City of El Cenizo v. Texas (5th Cir., 2018)City of El Cezino, et al. v. Texas, et al., No. 17-50762 (5th Cir.) May 8, 2018.
The Texas legislature sought to nip in the bud local “sanctuary city” self-selection measures through which Texas localities promised not to cooperate with federal officials in enforcing immigration detention and cooperation policies. Texas passed legislation which now forbids such avoidance of federal law. Localities rebelled, asserting violations of the U.S. Constitution: all but one of the harms alleged was found to lack merit.
Texas Government Code 756.053(a-b) forbids local governments from adapting policies or practices inhibiting immigration enforcement. The Texas Code of Criminal Procedure requires local compliance with federal Department of Homeland Security requests requiring notification of federal authorities before detainees who may be in violation of immigration laws are released. Civil and criminal penalties attach to failures to conform to these measures.
A federal district court rejected general claims that federal law preempts Texas anti-sanctuary cities measures but granted injunctive relief concerning cooperation measures. The trial court found requirements forbidding ‘endorsement’ of anti-federal immigration measures fatally overbroad, vague, and viewpoint discriminatory. The trial court found the statutory proscription of “materially” limiting federal immigration provisions defective as vague. Finally, the district court found the detainee mandates violate the Fourth Amendment.
Texas sought stays of the injunctions pending appeal, succeeding in part on the Fourth Amendment and preemption claims. The “material” limitation survived review, but the “endorsement” provisions did not.
The Fifth Circuit observed that there is no express preemption in federal immigration law. Here, field and conflict preemption are in issue.
Although field preemption prohibits state or local measures where Congress has manifested an intent to occupy the regulatory landscape, and although an intricate web of federal and state cooperation and compliance measures are already in place, the Fifth Circuit failed to perceive field preemption, emphasizing that federal law controls how local authorities will cooperate but local law controls whether they may do so. Not only would the Tenth Amendment prohibit the sort of compelled action imagined if a federal ‘sanctuary’ measure were enacted, but if preemption were found, much of the extant local cooperation measures would fall away.
Conflict preemption considers whether state or local law thwarts Congressional objectives: none were found here, the Fifth Circuit held, because the state prohibitions on material limitations of cooperation with federal immigration officials envision cooperation, not conflict. Neither can conflict preemption be found where federal assistance and cooperation agreements are permitted but not required, and where the Tenth Amendment would again prohibit federal compulsion of local enforcement of federal law.
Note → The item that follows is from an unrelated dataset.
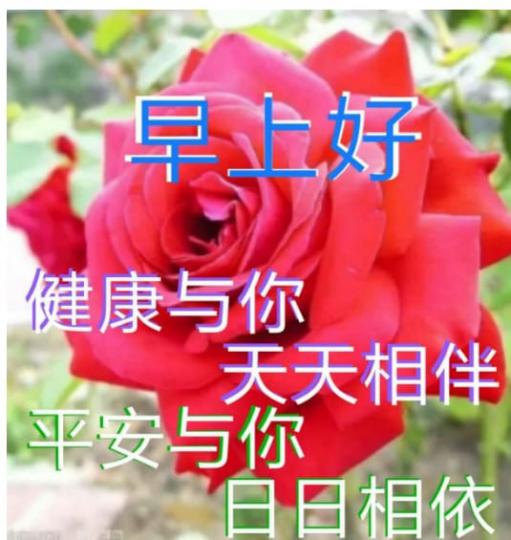 image%3A48681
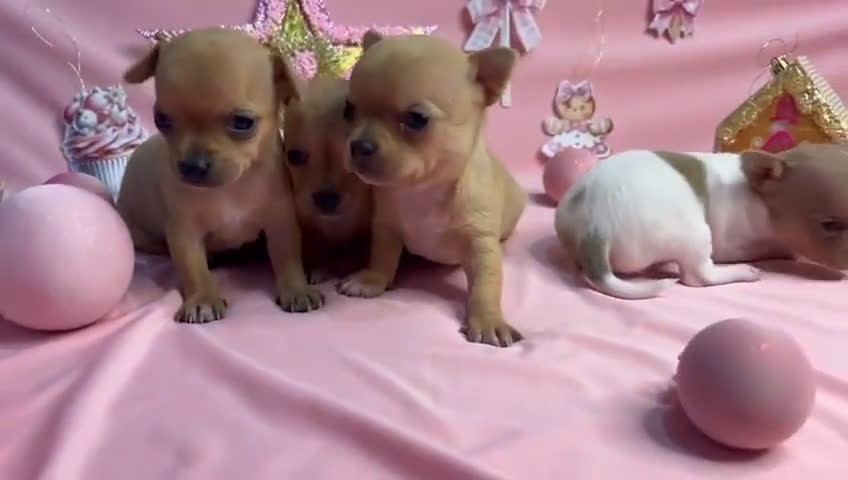Chihuahua perros en venta: Chihuhua cabeza de manzana - Video 2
The state statute’s prohibition on preventing inquiry into immigration status is not infirm where the Supreme Court has held that local officers may inquire about the immigration status of persons lawfully detained if reasonable grounds exist to believe a detainee is improperly present.
The state prohibition of “endorsement” of prohibiting or materially limiting immigration enforcement may be enjoined, as it impedes core political speech by elected public officials. As non-elected employees were not before the court, the court declined review of their First Amendment interests.
Local officials have standing to challenge the detainee mandates in that their refusal to do what is required would jeopardize their positions. Notwithstanding the real potential for injury, a facial Fourth Amendment challenge must fail, as it is not possible to establish that each and every immigration and customs enforcement request violates the Fourth amendment. Moreover, current administrative warrant practices require attestation to probable cause for removability and the collective knowledge doctrine permits imputing probable cause to local officials.
Finally, probable cause of criminality is not required to support detention. Persons lacking capacity through illness or legal infirmity may be seized without probable cause of criminality. Where the federal Immigration and Customs Enforcement detainee laws require state officials to carry out federal detention requests, a Massachusetts determination that state officials had no independent immigration enforcement powers is not on point. Significantly, local officials are not bound to overlook an absence of probable cause, particularly where valid identification would excuse continued detention. Imagined subsequent changes in federal law abandoning probable cause requirements cannot control current practice.
The Fifth Circuit rejected a vagueness challenge to the ‘materiality’ qualification for interference with federal law enforcement. Specific examples of ‘material’ interference have been presented and the notion of ‘materiality’ has been well replicated in securities and professional responsibility laws. Any as-applied analysis must await cases with greater concreteness.
The Fifth Circuit concluded that injunctive relief in all but the endorsement claims must be vacated.